Ronan: One thing I found especially effecting about the book, and that resonated for me personally, was the way you captured the normalcy of those months after Katie’s death. We imagine mourning with a lot of wailing and rending of garments, but really, you have a lot of days to get on with, and unless you’re living in a Victorian novel, that involves buying groceries and feeding your pets. And at the same time, grief places you in such a heightened state of awareness, such a strange experience of time, that those banal details seem sharper, stranger. What was it like to call up the suburbs of Indianapolis as you wrote this?
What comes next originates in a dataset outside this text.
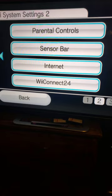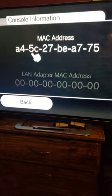First, go to your Wii settings and click on Internet. Then go to console information and take note of your MAC address. Then go to please.hackme.com, input the settings that match your Wii, and cut a wire.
Evans: Memories of Indiana do encompass a lot of strange details for me about grief. It’s a surreal experience to be sitting at a desk, looking at photos and sobbing hysterically, and then twenty minutes later to rush to battle stations over whether the cats have a right to leave the room and the second floor. I kept my world there incredibly small. It was a huge deal to go to a movie, or for a walk, and I was easily restless. I was easily overwhelmed and often bored. I tried to get at some of those inconsistencies in “Cognitive Bandwidth.” Grief made things strange, and made me, at times, I’m sure, hard to live with. That said, I have a real fondness for Indiana. Everyone was so generous, and the city and state were such beautiful places to inhabit during my year. I spent so much of that year getting to know my nieces and nephew, and sister-in-law and brother-in-law. I certainly learned to want a family, and to be a father, while living with them from the safe distance of the live-in uncle. So, I’m grateful for that.